Douglas doesn't have much punch, typically just knocking singles around the park with no real consistently hard liners to the gaps and certainly no home run power. Given his frame and age, there is little reason to project any growth in this area.

An average to solid-average runner, Douglas is a smart base runner that reads pitchers well and could steal 10-15 bases a year on that alone.

Defensively, Brandon is a fringe-average defender at second base and well below-average at shortstop. He has solid range for the keystone but his footwork can get sloppy and he doesn't possess the best hands. His arm offers some strength but nothing to get excited about.

Douglas is an aggressive player that plays hard and will give everything he has each game. He enjoys the game and his makeup has earned positive reviews both from opposing scouts and from those within the Tigers organization.

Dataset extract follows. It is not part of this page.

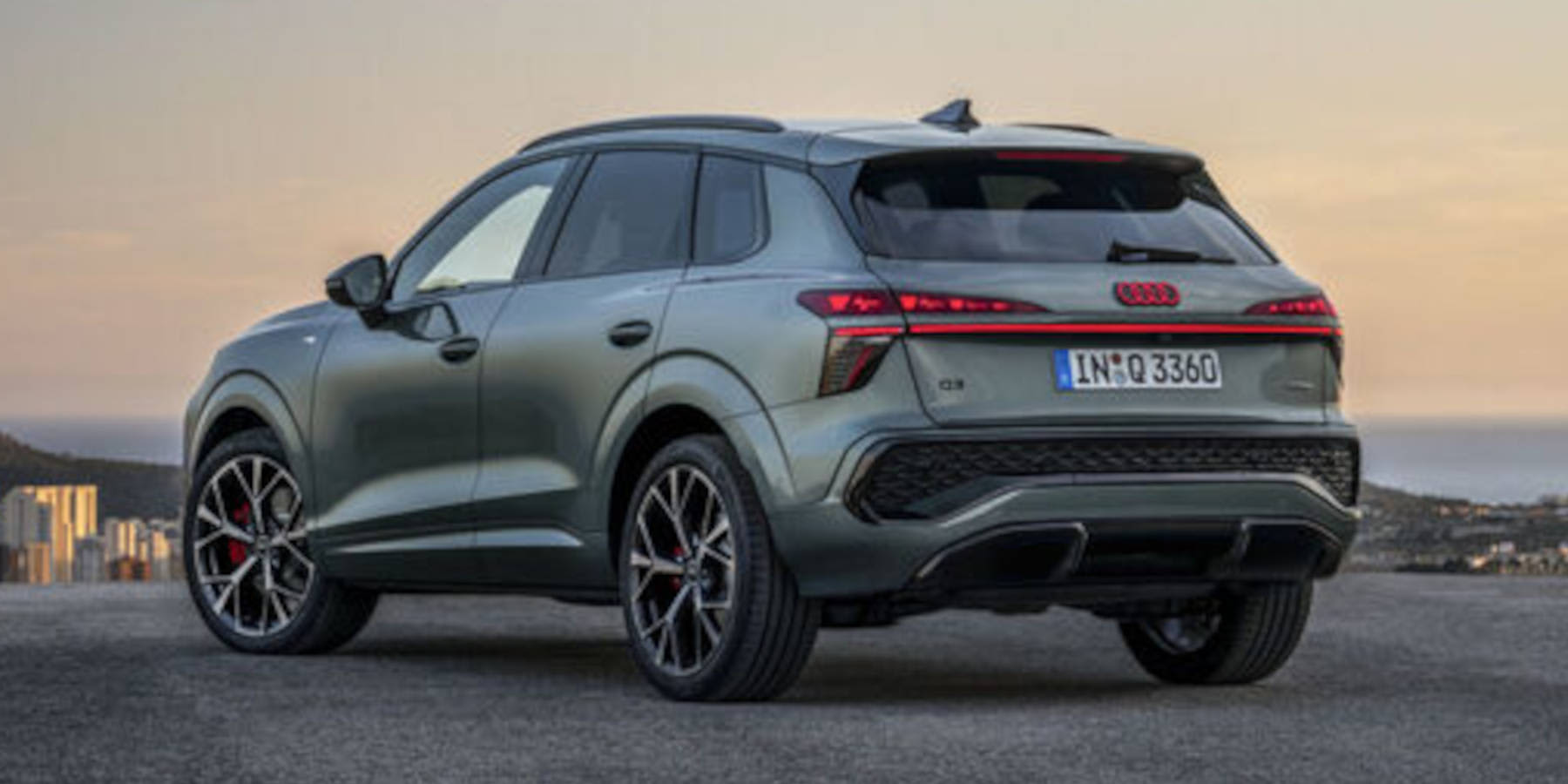 Audi Q3 seitliche Heckansicht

As a one-trick pony with just a hit tool and little else, Douglas is tough to peg in a big league role. He lacks the defensive chops to be considered a utility player and he must post a high average to have any offensive value at all. At best, he looks like a second division regular at second base, and that is an optimistic view.



































Health Record
There is some concern over the fragility of Douglas' body. He missed time with injuries in college and has had injuries that caused him to miss significant time in both of his full professional seasons. He needs a campaign that includes playing in 120-plus games to prove he can withstand the day-to-day grind of the professional game.

The Future
The Tigers invited Douglas to big league camp, but he has little shot to make the Opening Day roster with Scott Sizemore, Will Rhymes, and Carlos Guillen all ahead of him on the second base depth chart, not to mention the likes of Ramon Santiago and Danny Worth.

All signs point toward a return to Double-A for the 2011 season. There exists a slim window where Douglas can steal a big league opportunity, and how long that crack remains open will depend entirely on how much he hits.

If the Tigers multitude of second base options all fail and Douglas continues hitting, he could see Detroit later this year, but if he is going to be a big leaguer it is far more likely to be in 2012 than 2011.